Method for reprocessing of thorium-containing radwastes

FIELD: rare, dispersed and radioactive metal metallurgy, in particular hydrometallurgy.

SUBSTANCE: invention relates to method for reprocessing of polymetal, multicomponent, thorium-containing radwastes, formed when reprocessing of various mineral, containing rare-earth elements, Nb, Ta, To, V, Zr, Hf, W, U, etc. Method includes treatment of solution and/or slurry with alkaline agent; introducing of sulfate-containing inorganic compound solution and barium chloride; treatment of obtained hydrate-sulfate slurry with iron chloride-containing solution, and separation of radioactive precipitate from solution by filtration. As alkali agent magnesia milk containing 50-200 g/dm2 of MgO is used; treatment is carried out up to pH 8-10; sodium sulfate in amount of 6-9 g Na2SO4/dm2 is introduced as solution of sulfate-containing inorganic compound; barium chloride solution is introduced in slurry in amount of 1.5-3 g BaCl2/dm2. Hydrate-sulfate slurry is treated with solution and/or slurry containing 0.8-16 Fe3+/dm2 (as referred to startingsolution) of iron chloride, followed by treatment with high molecular flocculating agent and holding without agitation for 0.5-2 h. Radioactive precipitate is separated from mother liquor, washed with water in volume ratio of 0.5-2:1; then washed with sodium chloride-containing solution and/or slurry in volume ratio of 0.5-2:1; radioactive precipitate is removed from filter and mixed with mineral oxides in amount of 0.5-0.8 kg MgO to 1 kg of precipitate. Formed pasty composition is fed in forms and/or lingots and presses with simultaneous heating up to 80-1200C.

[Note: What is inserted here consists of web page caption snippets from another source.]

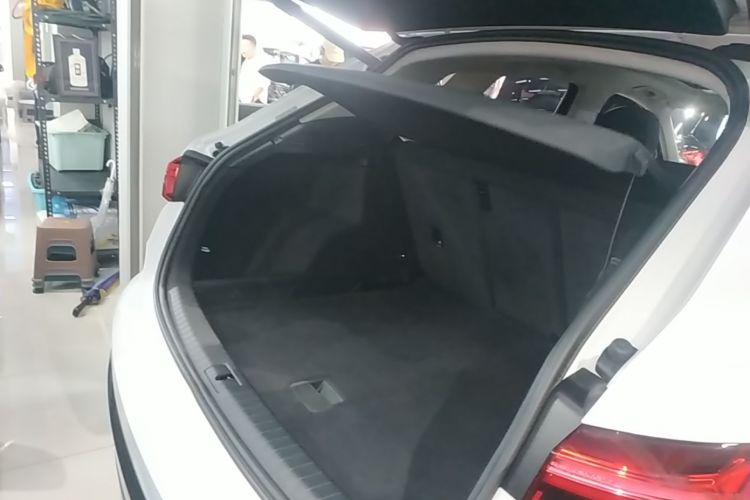 Audi Q3 2021 car image #19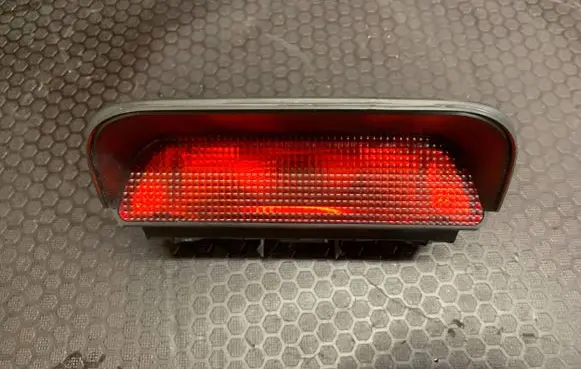Honda CR-V Third/center stoplight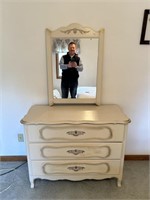 3 Drawer Dress with mirror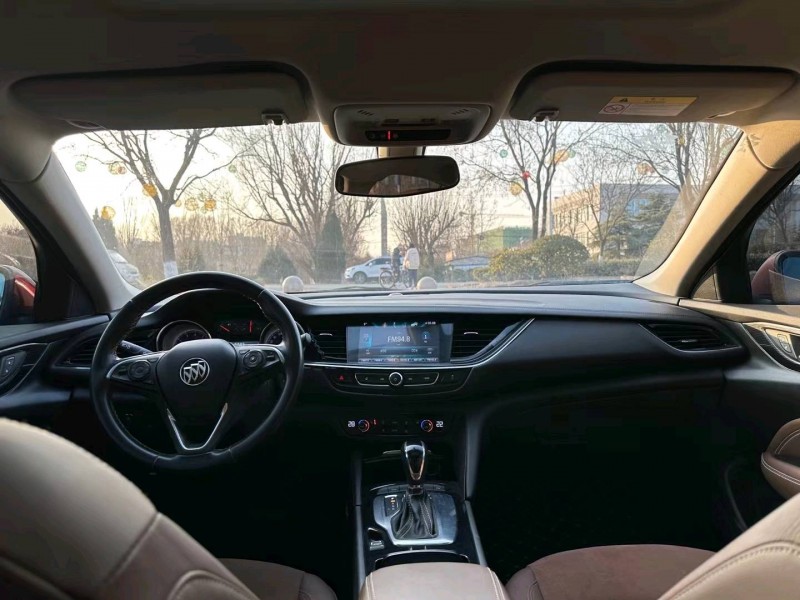 青岛18年别克君威7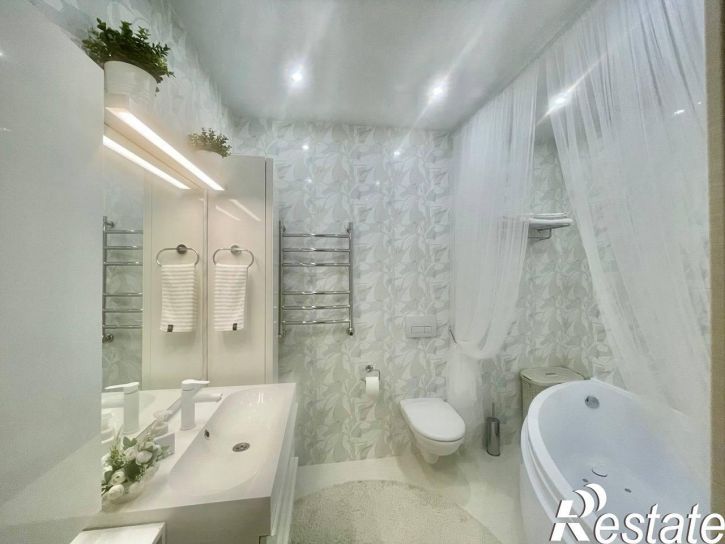 3-комн квартира Им.Генерала Шифрина , 5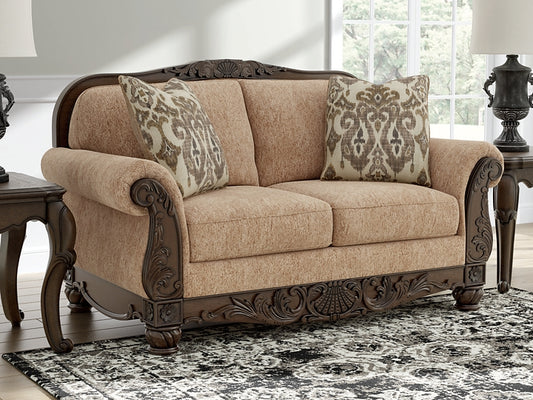 Chelsworth Loveseat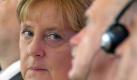 Aufmerksamer Blick: Bundeskanzlerin Angela Merkel und der griechische Regierungschef Giorgos Papandreou bei einer Veranstaltung des Industrieverbandes BDI. Foto: dpa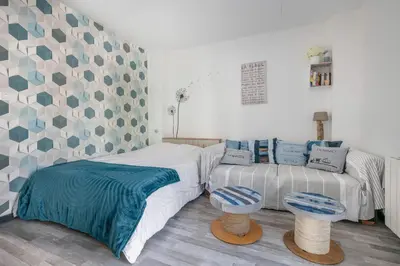 Un ou plusieurs lits dans un hébergement de l'établissement À 300m de la mer maison - jardin - Piscine pour 4
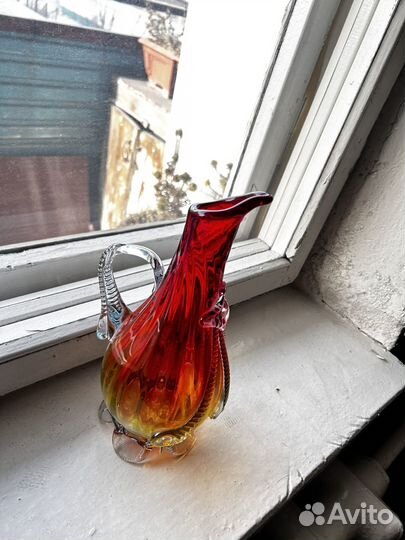 Ваза кувшин/винтаж/красное стекло/стеклянная СССР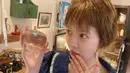 HyunA mengunggah foto terbarunya dengan rambut pendek. Jika diperhatikan, kondisi rambutnya terlihat kering. (Foto: Instagram/ hyunah_aa)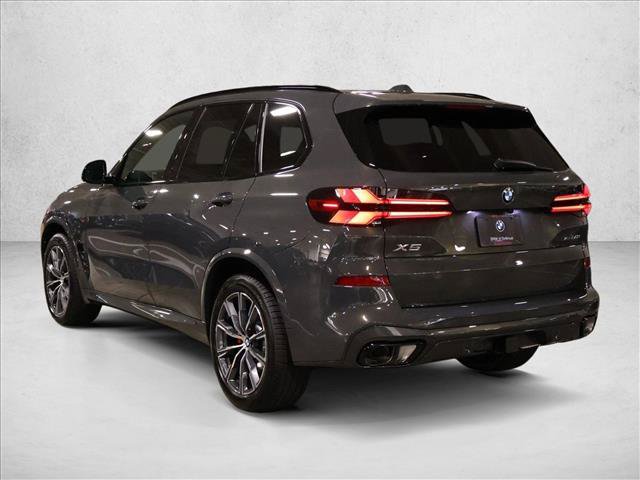 Used 2026 BMW X5 xDrive40i w/ M Sport Package AWD/4WD image 8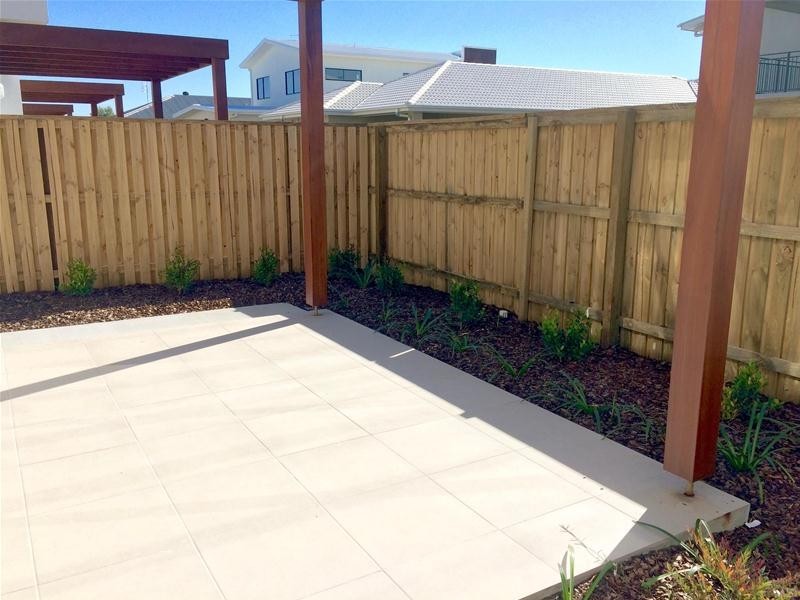 3/2 Waters Close, Hope Island QLD 4212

EFFECT: filtrate with reduced radioactivity due to increased codeposition coefficient of natural Th-232-group radioactive nuclide, in particular Ra-224 and Ra-228, with radioactive precipitates.

10 cl, 1 ex

 

The present invention relates to the field of metallurgy of rare, scattered and radioactive metals, in particular hydrometallurgical methods of processing complex, multicomponent, thorium radioactive waste generated during the processing of various mineral raw materials containing REE, Nb, TA, Ti, V, Zr, Hf, W, U, etc. of the Invention can be used in the processing, neutralization and decontamination of salt waste processes chlorination loparite, and/or zirconium and/or titanium concentrates.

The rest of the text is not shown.